-------- Records to use --------

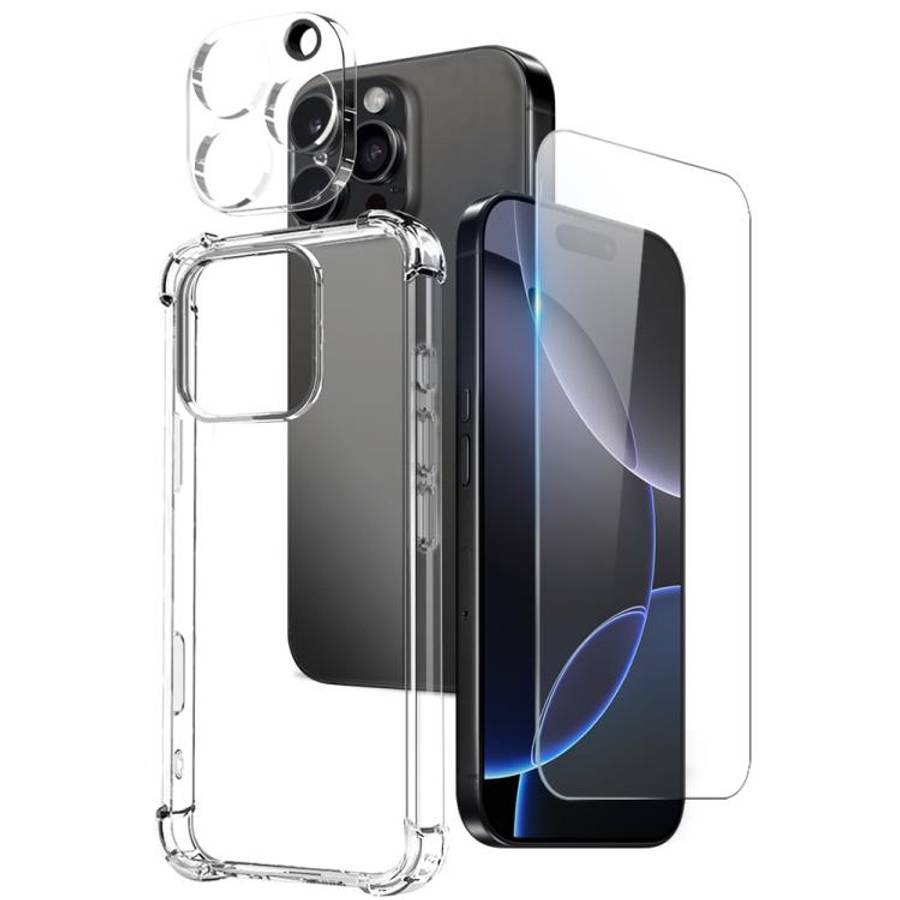 For iPhone 16 Pro Max NORTHJO 3 in 1 TPU Airbag Shockproof Phone Case with Screen Prot ... (Clear)
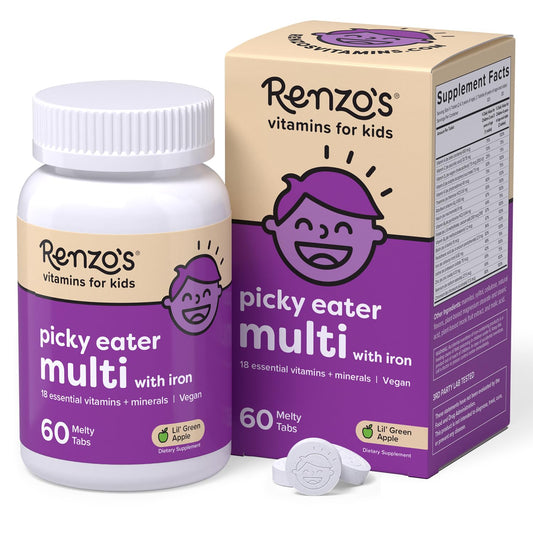 Bottle of Renzo's Picky Eater Kids Multivitamin with Green Apple flavor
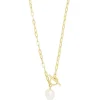 Simply Silver Gold Plated Sterling Silver 925 Baroque Pearl Chain T-Bar Necklace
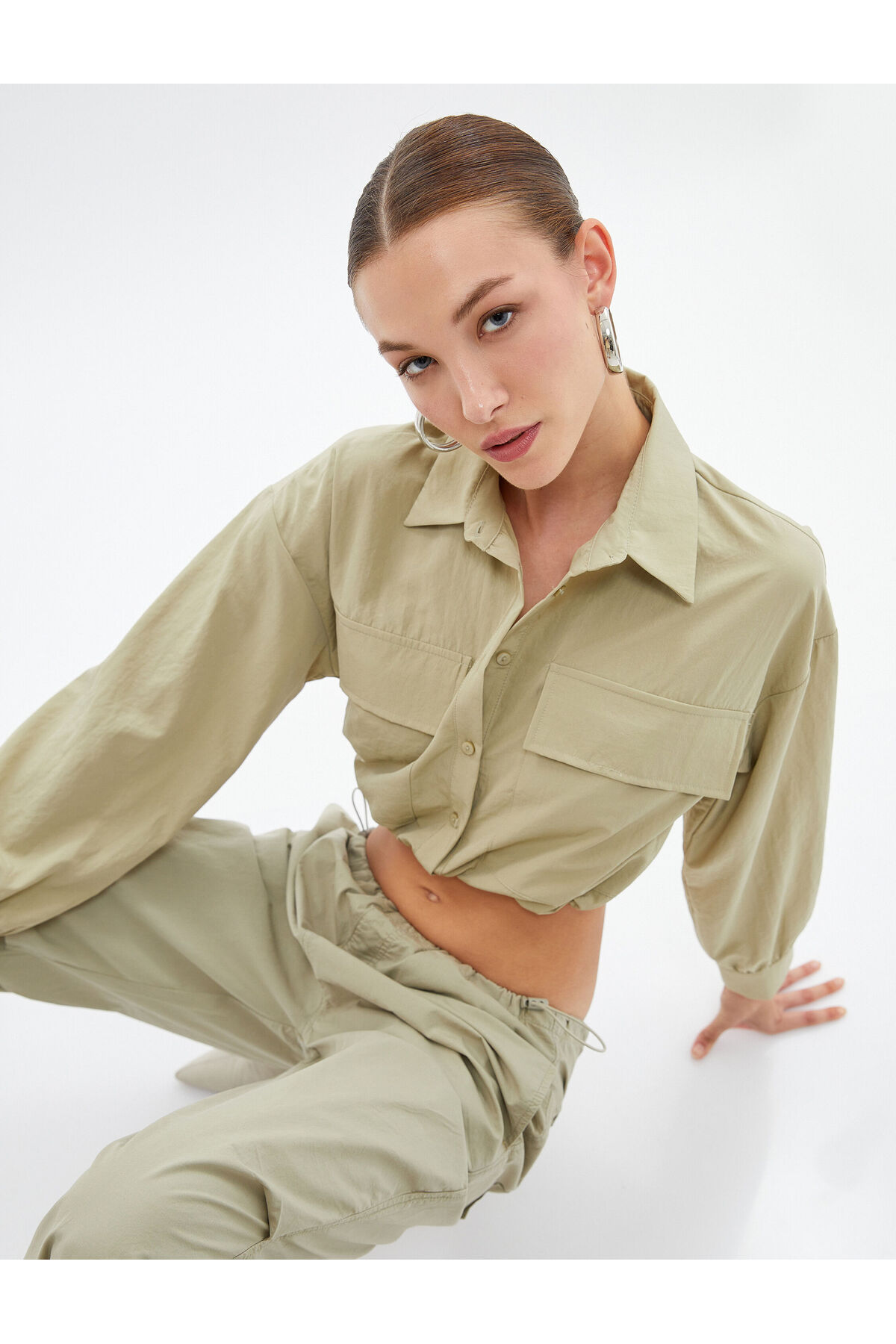 Koton Crop Parachute Shirt Elastic Waist Pocket Buttoned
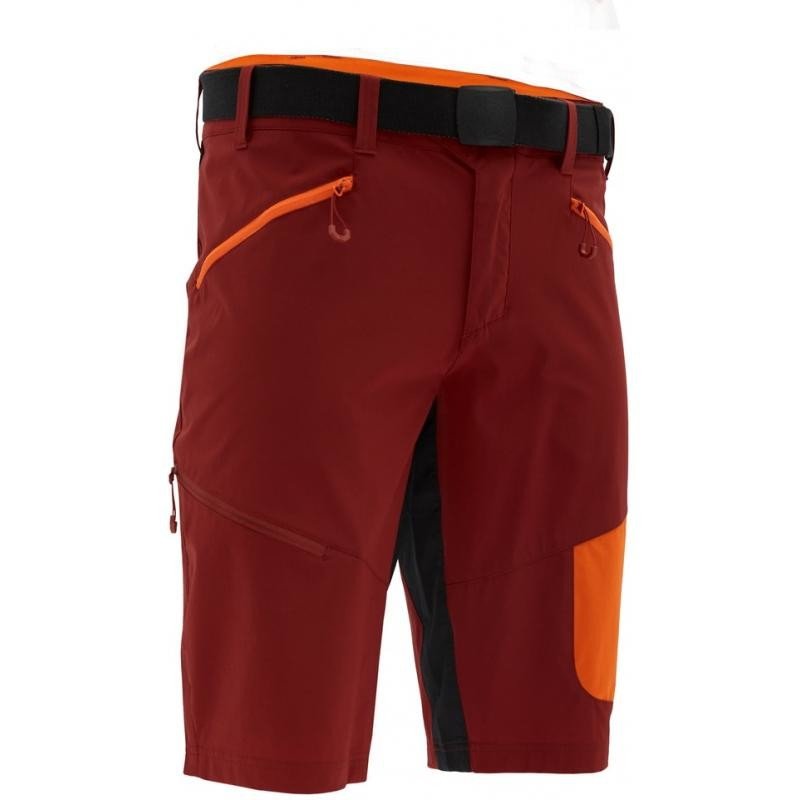 Kraťasy Silvini Rango Pro MP2225 - pánské, volné, červená merlot-oranžová - velikost 2XL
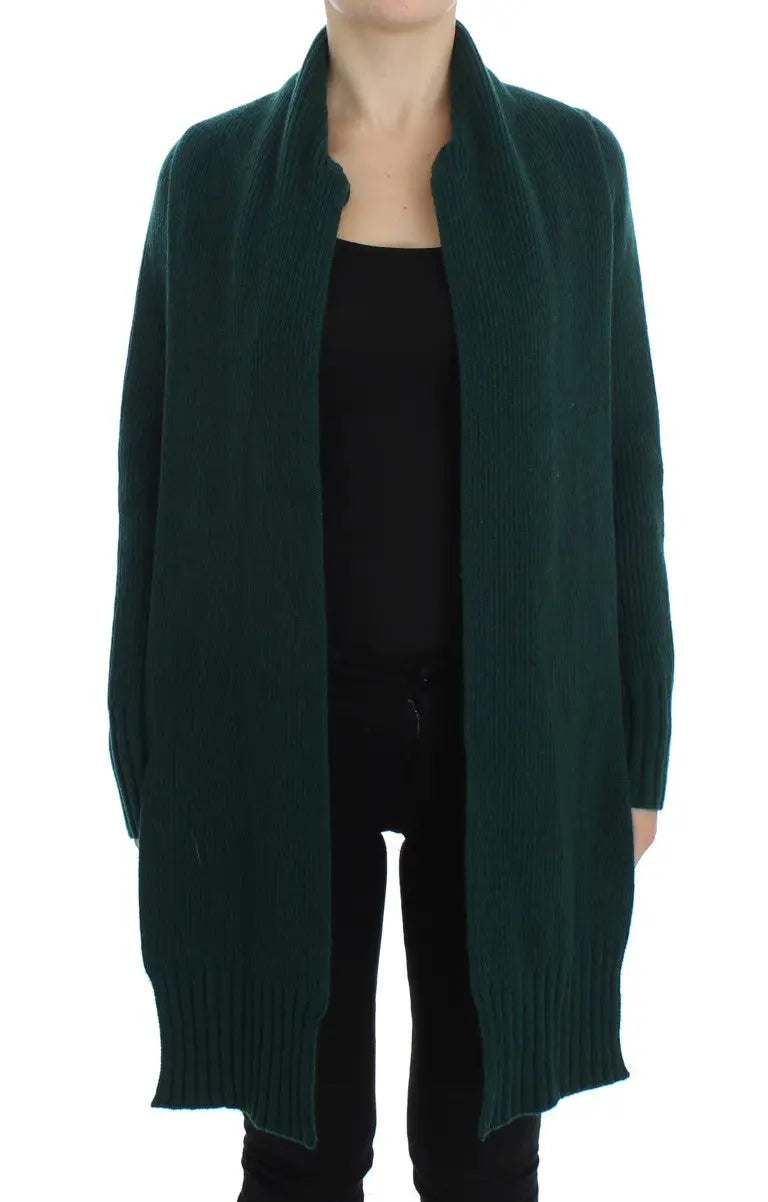 Cardigan long vert émeraude en cachemire tricoté avec poignets et ourlet côtelés de Dolce & Gabbana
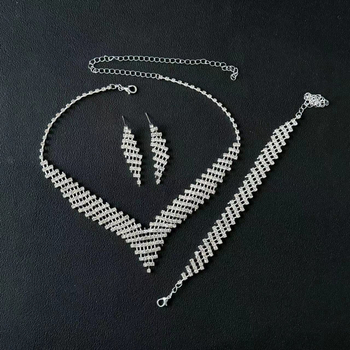 Set de bijuterii pentru mireasă: rhinestone geometric, 3 piese (colier, cercei, brățară), stil lux lejer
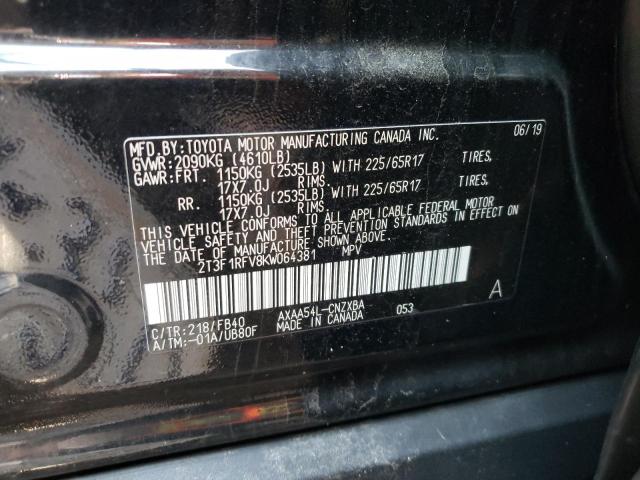 Photo 10 from auction – 2019 TOYOTA RAV4 LE with VIN 2T3F1RFV8KW064381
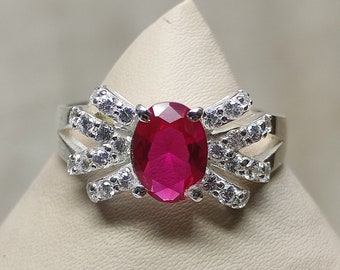 Geweldige robijnrode ring | Rode robijnring | Bruidsring | 925 Sterling zilveren robijnring | Minimalistische ring | Sierlijke ring | Trouwring C6872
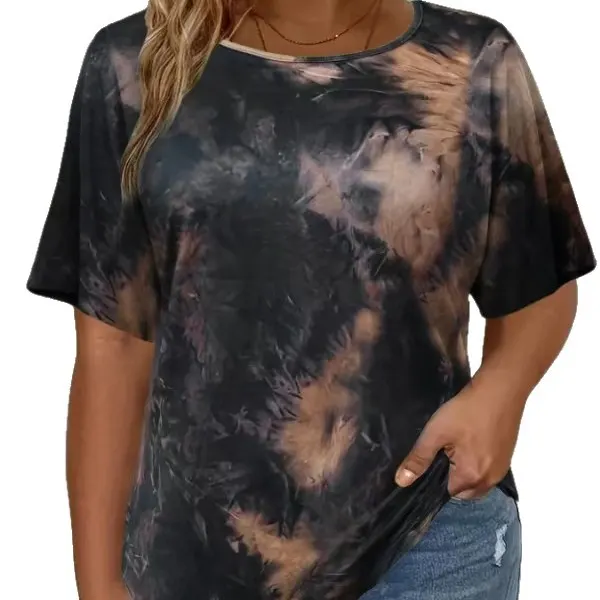 Black Tie-Dye Crew-Neck T-Shirt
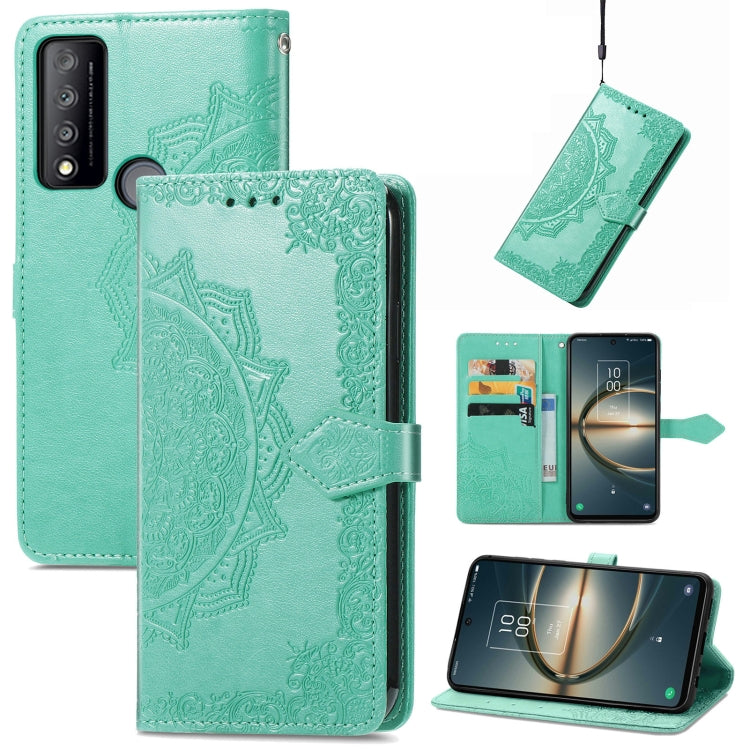 Mint green mandala-embossed flip leather phone case with magnetic strap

--------

- Problem to work on
Once you find the line that contains "Cardigan long vert", give it again along with every later line through the end of the data, word for word, minus the pictures.

- Response area
 Cardigan long vert émeraude en cachemire tricoté avec poignets et ourlet côtelés de Dolce & Gabbana
 Set de bijuterii pentru mireasă: rhinestone geometric, 3 piese (colier, cercei, brățară), stil lux lejer
 Photo 10 from auction – 2019 TOYOTA RAV4 LE with VIN 2T3F1RFV8KW064381
 Geweldige robijnrode ring | Rode robijnring | Bruidsring | 925 Sterling zilveren robijnring | Minimalistische ring | Sierlijke ring | Trouwring C6872
 Black Tie-Dye Crew-Neck T-Shirt
 Mint green mandala-embossed flip leather phone case with magnetic strap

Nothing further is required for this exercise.